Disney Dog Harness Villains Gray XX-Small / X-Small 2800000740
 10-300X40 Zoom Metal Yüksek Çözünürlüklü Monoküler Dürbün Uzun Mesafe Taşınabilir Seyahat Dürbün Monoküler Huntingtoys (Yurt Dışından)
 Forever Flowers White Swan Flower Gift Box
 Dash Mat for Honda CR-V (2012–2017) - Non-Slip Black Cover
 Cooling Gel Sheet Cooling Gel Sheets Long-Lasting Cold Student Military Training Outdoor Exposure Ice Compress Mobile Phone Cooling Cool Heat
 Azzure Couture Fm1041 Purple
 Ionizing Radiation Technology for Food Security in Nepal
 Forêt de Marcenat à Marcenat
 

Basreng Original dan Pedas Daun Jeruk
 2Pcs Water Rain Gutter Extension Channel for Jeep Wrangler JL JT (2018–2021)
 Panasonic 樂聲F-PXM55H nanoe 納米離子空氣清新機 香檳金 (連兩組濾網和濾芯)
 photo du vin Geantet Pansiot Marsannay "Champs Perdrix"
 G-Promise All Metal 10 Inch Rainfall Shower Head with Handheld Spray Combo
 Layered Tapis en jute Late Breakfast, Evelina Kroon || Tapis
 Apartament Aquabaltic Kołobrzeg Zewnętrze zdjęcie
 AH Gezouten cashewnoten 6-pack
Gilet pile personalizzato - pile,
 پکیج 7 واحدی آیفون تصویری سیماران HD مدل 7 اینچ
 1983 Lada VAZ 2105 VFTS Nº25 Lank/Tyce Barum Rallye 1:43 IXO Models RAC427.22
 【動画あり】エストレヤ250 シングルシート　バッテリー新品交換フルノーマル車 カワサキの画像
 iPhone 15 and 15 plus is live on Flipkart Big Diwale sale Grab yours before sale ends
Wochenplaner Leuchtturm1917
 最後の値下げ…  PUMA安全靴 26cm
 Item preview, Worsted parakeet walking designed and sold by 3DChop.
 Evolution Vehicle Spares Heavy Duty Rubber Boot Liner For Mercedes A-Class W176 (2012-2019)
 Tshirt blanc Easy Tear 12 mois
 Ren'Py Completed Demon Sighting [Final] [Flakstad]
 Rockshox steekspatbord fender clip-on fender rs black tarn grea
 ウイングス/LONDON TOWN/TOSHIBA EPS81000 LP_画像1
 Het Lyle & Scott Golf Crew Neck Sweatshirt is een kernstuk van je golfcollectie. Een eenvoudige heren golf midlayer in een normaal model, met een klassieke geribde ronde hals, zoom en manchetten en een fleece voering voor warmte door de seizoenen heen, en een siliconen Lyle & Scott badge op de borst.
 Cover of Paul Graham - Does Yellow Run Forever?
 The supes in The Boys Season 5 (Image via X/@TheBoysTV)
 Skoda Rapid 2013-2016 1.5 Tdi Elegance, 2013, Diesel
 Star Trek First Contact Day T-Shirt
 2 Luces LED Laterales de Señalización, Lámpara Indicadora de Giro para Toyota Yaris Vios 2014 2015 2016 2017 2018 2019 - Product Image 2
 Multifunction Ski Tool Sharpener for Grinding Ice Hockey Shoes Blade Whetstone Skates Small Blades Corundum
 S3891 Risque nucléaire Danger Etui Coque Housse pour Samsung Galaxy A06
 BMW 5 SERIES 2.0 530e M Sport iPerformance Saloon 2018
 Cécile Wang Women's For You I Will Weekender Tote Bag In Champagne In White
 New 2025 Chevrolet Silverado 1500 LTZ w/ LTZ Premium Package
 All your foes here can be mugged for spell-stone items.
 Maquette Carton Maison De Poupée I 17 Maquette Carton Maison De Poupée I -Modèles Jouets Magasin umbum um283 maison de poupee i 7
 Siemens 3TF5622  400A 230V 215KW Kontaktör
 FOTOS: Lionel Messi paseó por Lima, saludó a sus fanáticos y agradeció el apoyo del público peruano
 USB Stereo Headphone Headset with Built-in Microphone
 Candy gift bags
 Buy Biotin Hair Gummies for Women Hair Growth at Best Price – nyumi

——————————

## What you will do
Start at the first line of the material. Reproduce every line exactly, ending with the line that holds "Dash Mat for".

## Answer space
Disney Dog Harness Villains Gray XX-Small / X-Small 2800000740
 10-300X40 Zoom Metal Yüksek Çözünürlüklü Monoküler Dürbün Uzun Mesafe Taşınabilir Seyahat Dürbün Monoküler Huntingtoys (Yurt Dışından)
 Forever Flowers White Swan Flower Gift Box
 Dash Mat for Honda CR-V (2012–2017) - Non-Slip Black Cover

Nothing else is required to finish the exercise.